In accordance with this invention, heat of the carrier is not released to the out side of the furnace, and heat energy for auxiliary heating is saved, then the carrier's life is lengthened by slight change of temperature, and also the contained material in the vessels which are placed on the carrier is evenly treated. The contained material in the heaped up vessels is evenly treated, since the temperature condition of heating the vessels heaped up on the carrier is evenly controlled.

Accordingly, a principal object of the present invention is to provide an apparatus and process of transferring the vessel on a reciprocative carrier means in the tunnel furnace, and of subsequently lifting the vessels therein during returning the carrier means to a former position for one stroke.

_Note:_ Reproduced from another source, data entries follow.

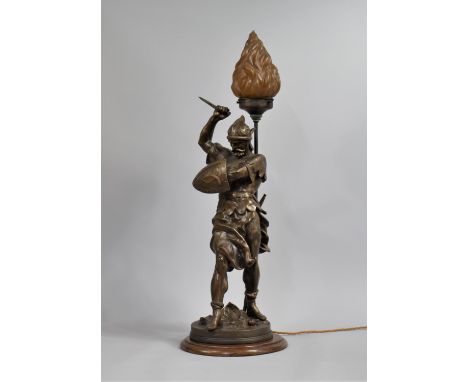 A Large Bronzed Spelter Figural Lamp in the Form of Crusader Signed 'Detrier', Complete with Glass Shade (Chip to Point) 78cm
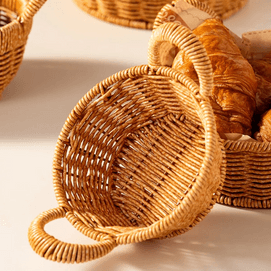 川岛屋 仿藤编水果篮 家用客厅零食收纳筐 高颜值果蔬篮 圆形中号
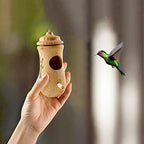 Hummingbird House Handcrafted Natural Wood Miniature With Hanging Rope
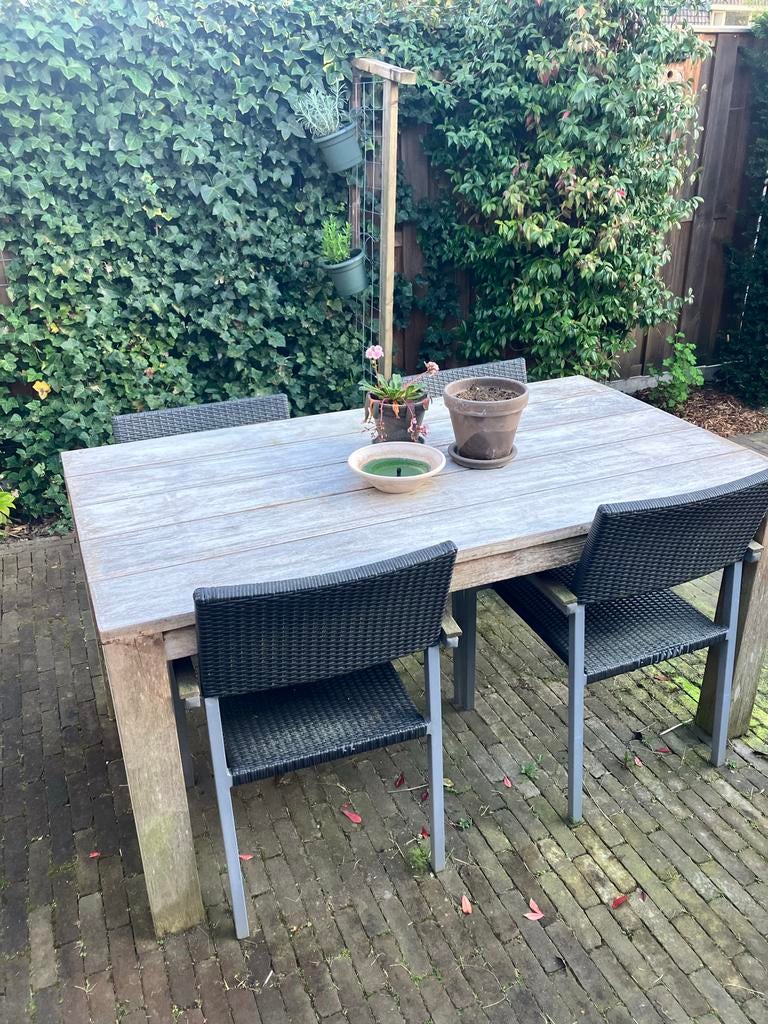 Teak tuintafel met stoelen - 160x90x78 cm, Ophalen, Gebruikt, Rechthoekig, Teakhout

Another object of the present invention is to provide an apparatus and process of transferring and recycling only the vessels and reciprocating the carrier means almost of which is always stayed in the furnace.

A further object of the present invention is to provide an apparatus and process of transferring the carrier means and the vessels to prevent from release of heat of the carrier means.

A still further object of the present invention is to provide an apparatus and process of transferring the carrier means and the vessels to make even heat treatment to material contained in the vessels.

Other objects and many of the attendant advantages of this invention will be readily appreciated as the same become better understood by reference to the following description on bases of the attached drawings.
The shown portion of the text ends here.